この3次元に整形された形状は足骨格を安定させ、快適な歩行をサポートし、色々な足の痛みを軽減させます。
アーチは日本人の足型に合うような形を独自に追求し、土踏まず部分に優しく寄り添ってくれる盛り上がりなので履き始めから足馴染みが良く、最良の履き心地を与えてくれます。
そしてこの複雑な形状は2枚のベンズ(厚い牛革)のみで整形されています。
これは木工加工でいう成形合板の製法であり、スケートボードの作り方をリスペクトしています。
TOKYO SANDALはこの製法を革に応用し、適度な屈曲と”しなり"を実現させ、歩行道具として最高のパフォーマンスを生み出しています。
加えてブーツメイドにステッチダウンされたサンダルなので、ガシガシタフに履けて、かつオールソールも容易。

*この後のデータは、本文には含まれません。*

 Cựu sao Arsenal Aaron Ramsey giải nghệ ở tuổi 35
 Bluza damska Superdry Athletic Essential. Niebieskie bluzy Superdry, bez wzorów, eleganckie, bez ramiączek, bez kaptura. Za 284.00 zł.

レザーフットベッドには独自のエンボス加工が施されているため、不快なムレやベタ付きも軽減されます。
この唯一無二なプロダクトはグッドデザイン賞において「装身具・身に付けるもの部門」を受賞したほどに高い評価を受けています。
さらに、今回の別注ポイントはレザーだけじゃないんです!
バックルとピンがMOONLOIDコンセプトカラーであるシルバー&ゴールドのコンビネーションになっており、よりスペシャル感を演出しています。
既存にないパーツをわざわざ作らなくてはならないので、小さな部分だけど実はめちゃくちゃ手間がかかります。
10周年の節目の年ということもあって、かなり無理を言ってお願いしたのですが、快く引き受けてくださいました。
墨黒のホースバットレザーとの相性もピッタリの仕上がりで感無量です。
MOONLOIDだけの特別なエンジニアスリッポンを末長くご愛用ください。